Thursday, January 3, 2013
What should have stayed in Vegas! - Real Life Hangover
In a marriage as short as Frank the Tank's marriage in Old School (and 21 days shorter than Kim Kardashian's second marriage), a physician ended up paying one year of alimony for a two month marriage.
The story-line of T.E. v. A.O is right out of the movies involving a husband who went to Las Vegas five days before his wedding in October 2008 and while there charged over $20,000 at a "men's club" and met a woman who he then began an intimate relationship with. Upon his return from Las Vegas, the parties were married on October 4, 2008 in a wedding that cost approximately $150,000. In clear violation of the Vegas marketing campaign, soon after the wedding, the wife learned of the extravagant Las Vegas charges and of the husband's ongoing relationship with the woman he met in Las Vegas. Ultimately this discovery led to the breakdown of their marriage and a trip to Massachusetts divorce court.
Prior to the Alimony Reform Act of 2011, alimony in Massachusetts was governed by M.G.L. c. 208 s. 34, which considered numerous factors in awarding alimony including conduct of the parties during the marriage. Although, in the case of T.E. v.
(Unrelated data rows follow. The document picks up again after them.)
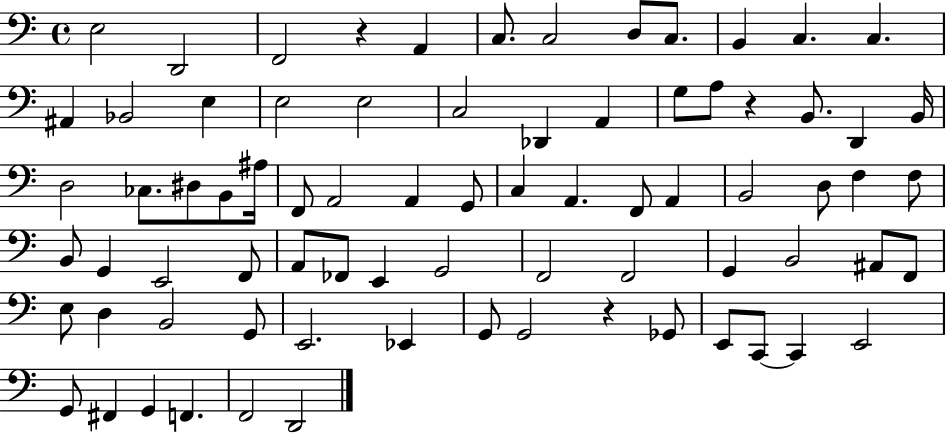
X:1
T:Untitled
M:4/4
L:1/4
K:C
E,2 D,,2 F,,2 z A,, C,/2 C,2 D,/2 C,/2 B,, C, C, ^A,, _B,,2 E, E,2 E,2 C,2 _D,, A,, G,/2 A,/2 z B,,/2 D,, B,,/4 D,2 _C,/2 ^D,/2 B,,/2 ^A,/4 F,,/2 A,,2 A,, G,,/2 C, A,, F,,/2 A,, B,,2 D,/2 F, F,/2 B,,/2 G,, E,,2 F,,/2 A,,/2 _F,,/2 E,, G,,2 F,,2 F,,2 G,, B,,2 ^A,,/2 F,,/2 E,/2 D, B,,2 G,,/2 E,,2 _E,, G,,/2 G,,2 z _G,,/2 E,,/2 C,,/2 C,, E,,2 G,,/2 ^F,, G,, F,, F,,2 D,,2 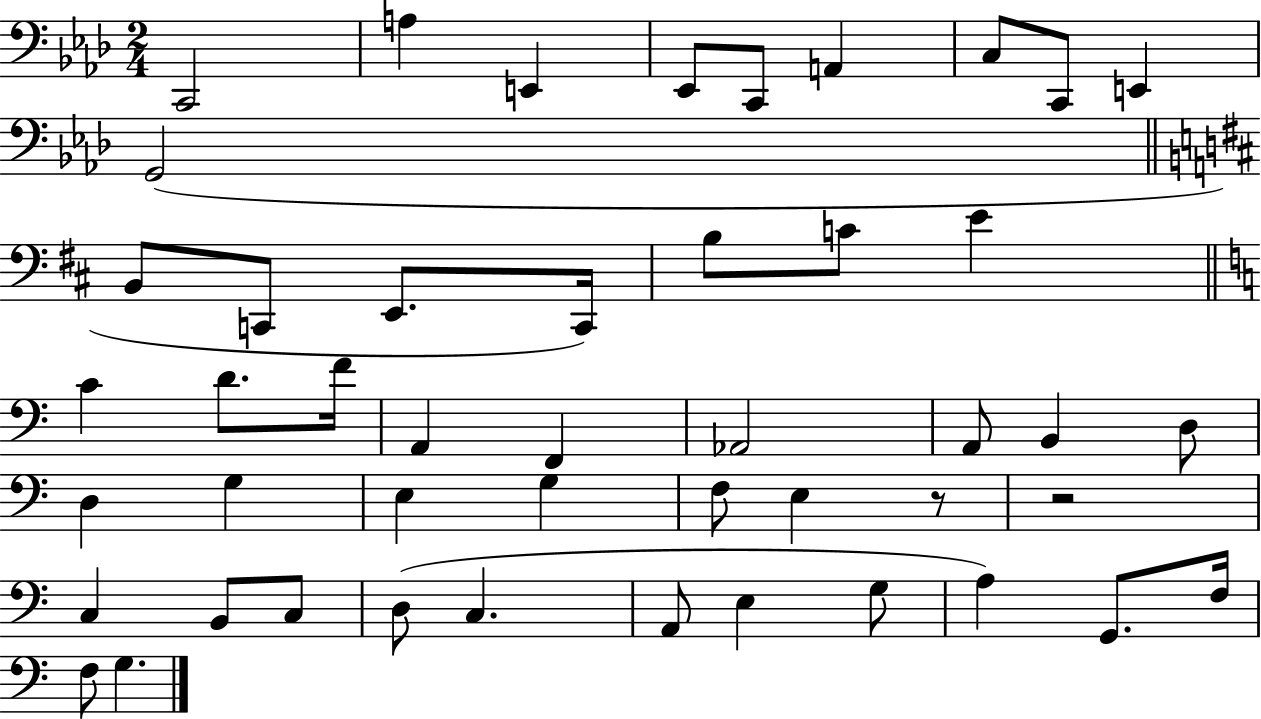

A.O. the most significant conduct in the case occurred prior to the marriage (about 5 days before in Las Vegas), the trial court gave considerable weight to the effect this conduct had on the wife and the ongoing effect of the husband's relationship with the woman he met in Las Vegas. He eventually moved to California to be closer to her (and presumably farther away from his failed marriage).
In determining an appropriate division of assets and alimony in this very short-term marriage, the trial court judge stated that "[b]ut for the issue raised by [the] wife about her health, this would be an appropriate case to return each party to status quo ante by having them keep their separate assets and separate income." The Judge therefore ordered the husband to make a one-time payment of $29,500 accounting for moneys lost by the wife in selling her condo and other costs of separating, and one year of alimony at $2,100 per month.
The husband appealed claiming the Judge too heavily weighed the wife's health as a factor and the wife appealed claiming the Judge should not have limited the alimony to one year. The appeals court, not surprisingly, upheld the trial court's decision based on the great amount of discretion afforded the trial court by the property division and alimony statutes. While durational limits were often a problem under the old alimony statute, the court found that this limit was reasonable (and in light of the new statute where limits are more common, this is not surprising either).
Both parties also appealed the property division and were denied as well in the appeals court decision which was made on October 9, 2012 (four years after the initial indiscretion).
Here are just a few lessons, to take into the new year, that we think couples can learn from T.E. v. A.O.:
1. Even a two-month marriage can result in a four-year court battle if you choose litigation over other, better, forms of dispute resolution (such as mediation or collaborative law), and
2. Judges have broad discretion to make far-reaching decisions about your life in divorce cases, when you fail to settle those issues yourself, and
3. The Appeals Court often upholds that broad discretion, and
4. Spouses who leave their divorce decisions up to a Judge are often both unhappy with the result, and
5. Of course, What Happens in Vegas, really should Stay in Vegas.